*** Begin section ***
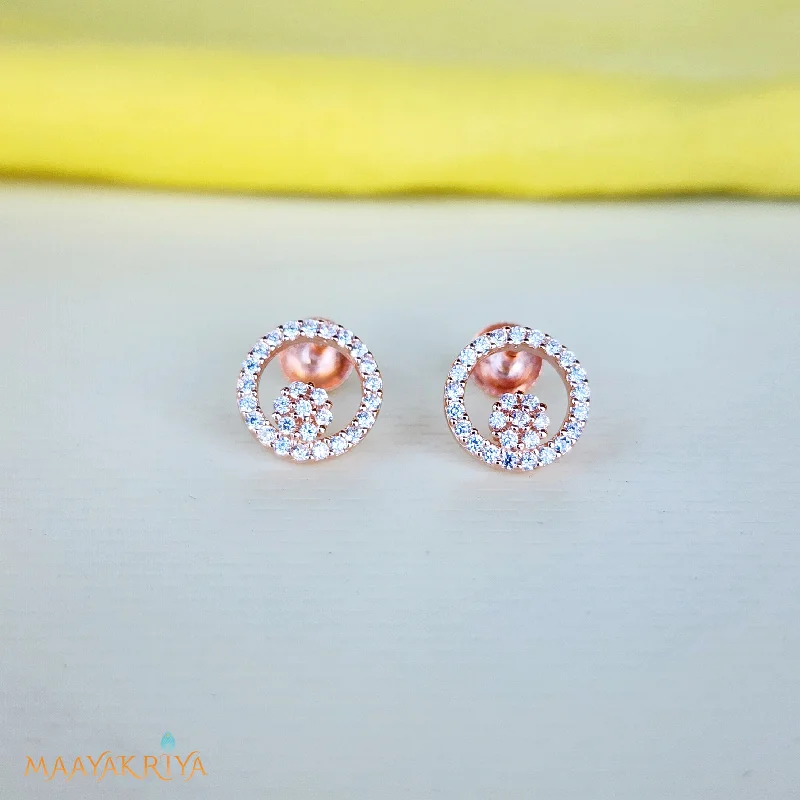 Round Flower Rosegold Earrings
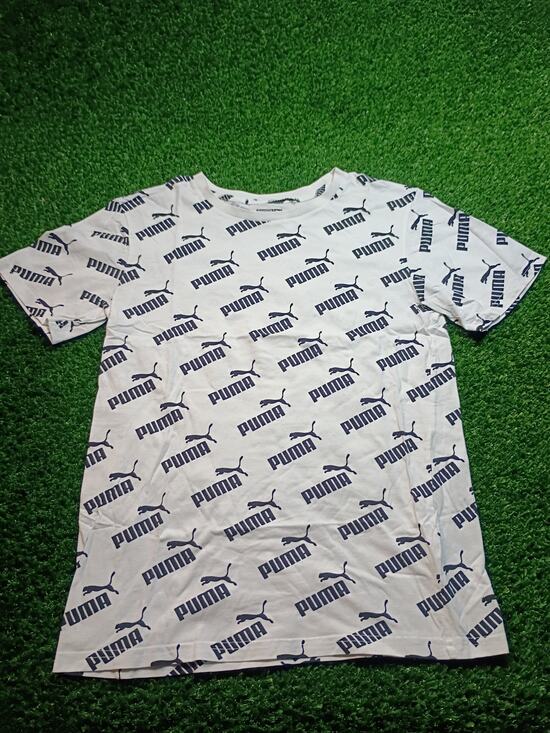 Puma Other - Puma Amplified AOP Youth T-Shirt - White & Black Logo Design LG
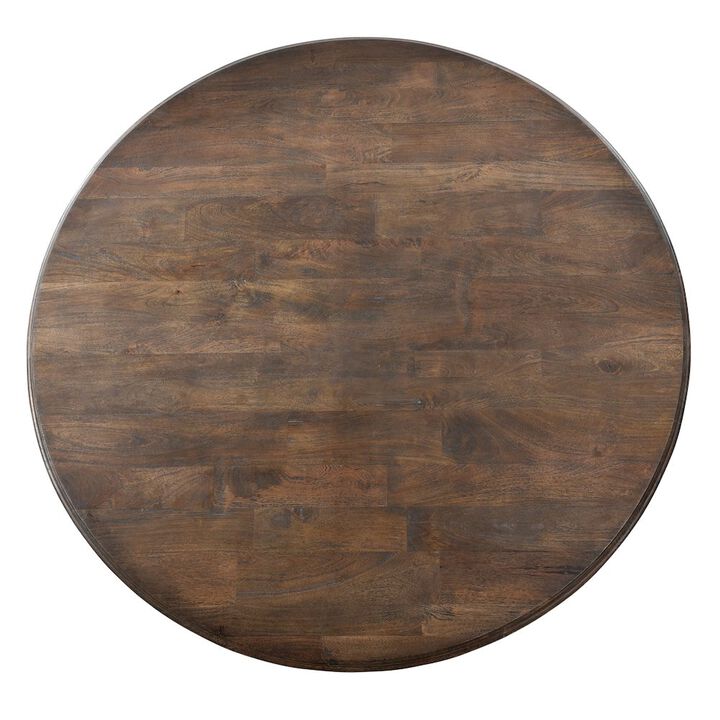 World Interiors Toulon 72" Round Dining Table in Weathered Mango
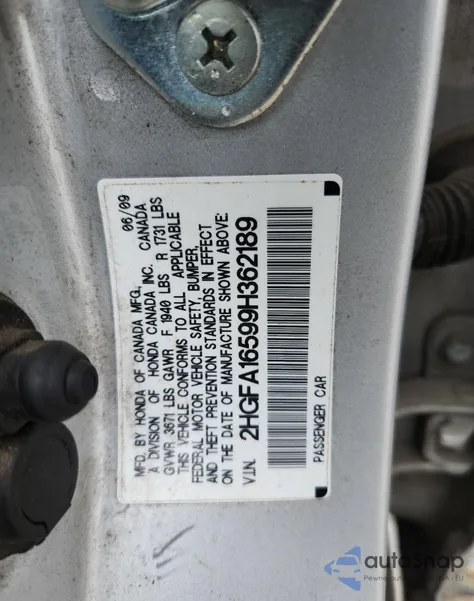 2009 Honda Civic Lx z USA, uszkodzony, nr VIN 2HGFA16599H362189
*** End section ***
Your copy of the listing should match it exactly, apart from the pictures, which are left out.

Expected answer
 Round Flower Rosegold Earrings
 Puma Other - Puma Amplified AOP Youth T-Shirt - White & Black Logo Design LG
 World Interiors Toulon 72" Round Dining Table in Weathered Mango
 2009 Honda Civic Lx z USA, uszkodzony, nr VIN 2HGFA16599H362189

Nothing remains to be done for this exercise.